12 And to the Reubenites, the Gadites, and the half-tribe of Manasseh Joshua said, 13 “Remember the word that Moses the servant of the Lord commanded you, saying, ‘The Lord your God is providing you a place of rest and will give you this land.’ 14 Your wives, your little ones, and your livestock shall remain in the land that Moses gave you beyond the Jordan, but all the men of valor among you shall pass over armed before your brothers and shall help them, 15 until the Lord gives rest to your brothers as he has to you, and they also take possession of the land that the Lord your God is giving them. Then you shall return to the land of your possession and shall possess it, the land that Moses the servant of the Lord gave you beyond the Jordan toward the sunrise.”

16 And they answered Joshua, “All that you have commanded us we will do, and wherever you send us we will go. 17 Just as we obeyed Moses in all things, so we will obey you. Only may the Lord your God be with you, as he was with Moses! 18 Whoever rebels against your commandment and disobeys your words, whatever you command him, shall be put to death. Only be strong and courageous.” [1]

Transitions from one government leader to another are always times of uncertainty and stress. Conventional wisdom for the new leadership is that there should be time to settle in, familiarize oneself with the situation, and weigh the options before launching into any decisive action. That is particularly the case when the previous leader has been greatly revered or when the future is unsettled and problematic.

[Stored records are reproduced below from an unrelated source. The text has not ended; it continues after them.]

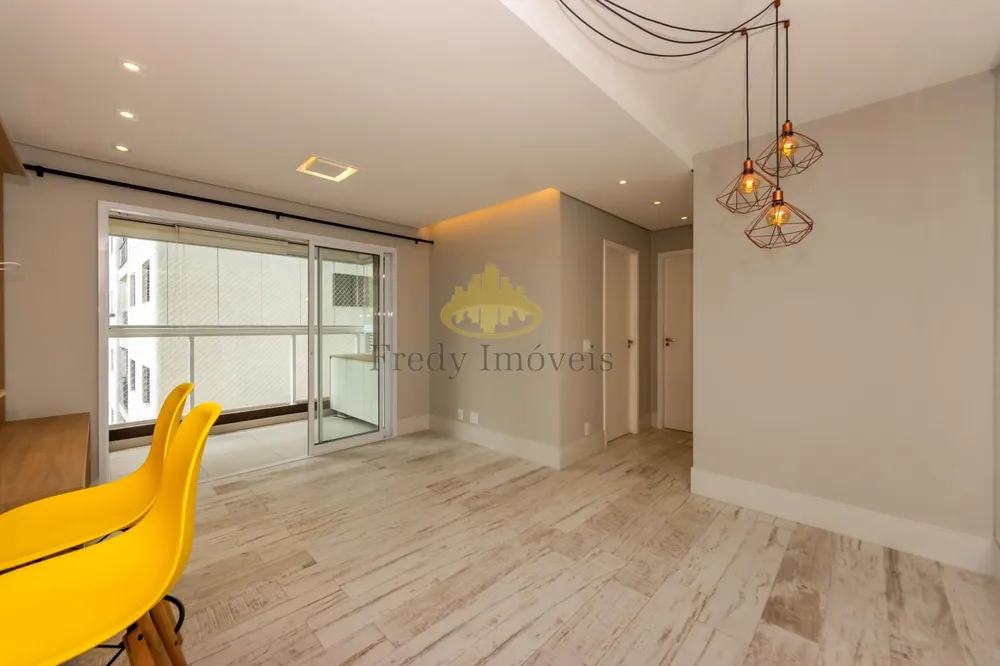 Apartamento, 2 quartos, 63 m² - Foto 1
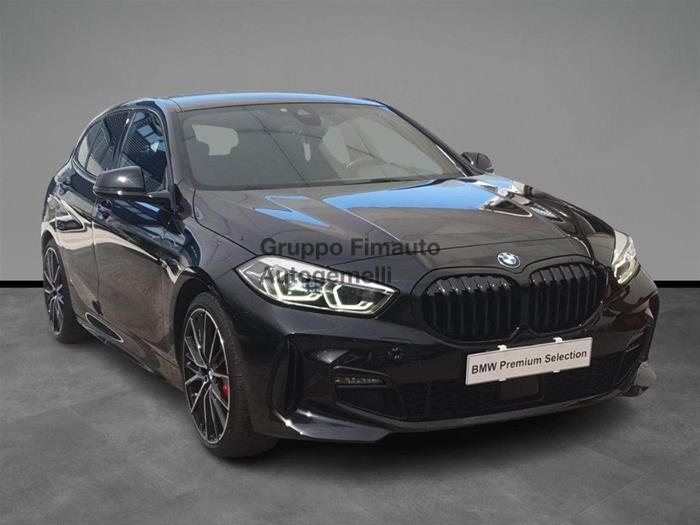 Fimauto - BMW 120 | ID 44912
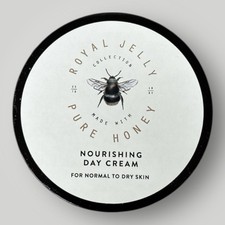 M&S Royal Jelly Nourishing Day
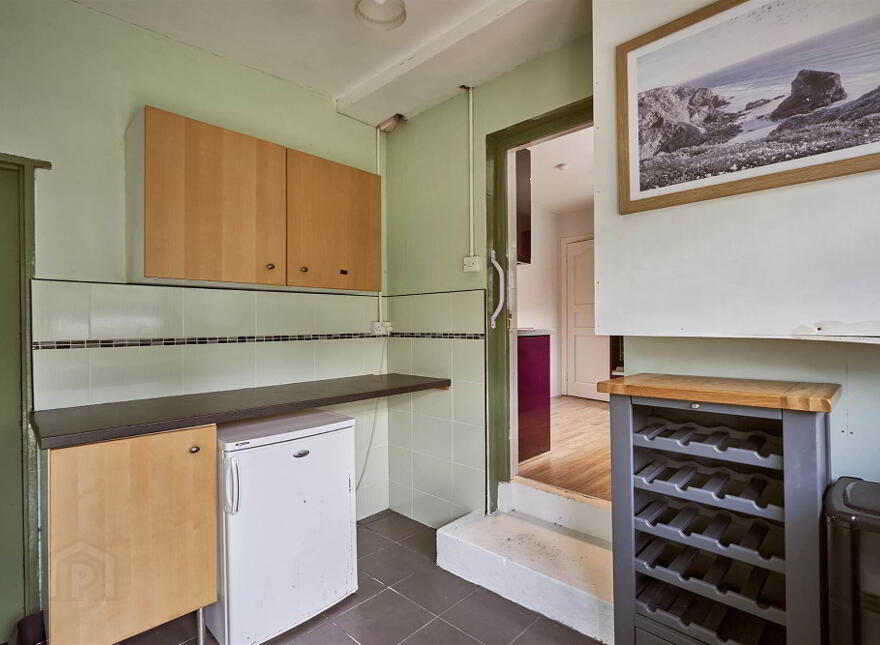 1 Hampton Court, Holywood, BT18 0HU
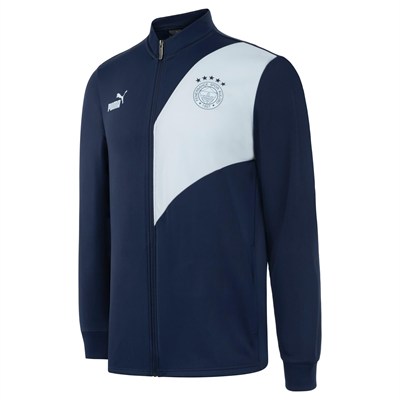PUMA Fenerbahçe S.K. ftblCULTURE+ ERKEK TRACK CEKET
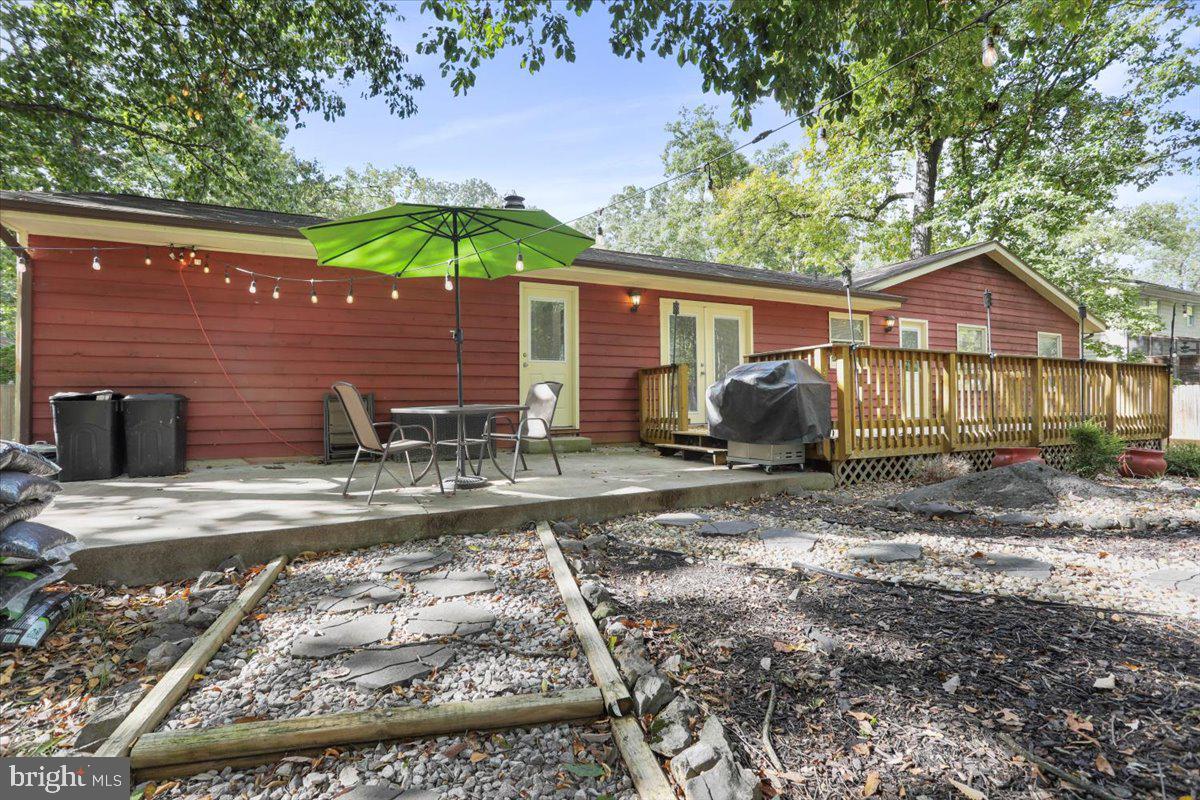 TIMBERWALK - Residential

But Joshua is afforded no such luxury.

As we saw in 1:2 last week, God does not say, “Moses my servant is dead. Now take some time to settle in. Win the confidence of the people gradually. Don’t do anything too demanding just yet.” What we actually saw was a peremptory command to get ready to cross the Jordan into the promised land “now.” God has given his command a sense of urgency, as if he cannot wait to fulfill his promises.

The structure of chapter 1 is significant to our understanding of the rest of the book. This is a history book. Some students of the Old Testament believe this book should be attached to the Pentateuch as the natural climax of the sequence of covenant promises beginning with Abraham and stretching through the exodus and the wilderness wanderings. However, it is also easy to see the book of Joshua as the first of the historical narratives that lead from the period of the conquest through the judges to the institution of the monarchy and on through the division of the Kingdom, including Israel’s ultimate defeat by the Assyrians and Judah’s exile into Babylon. This unit runs from Joshua to 2nd Kings.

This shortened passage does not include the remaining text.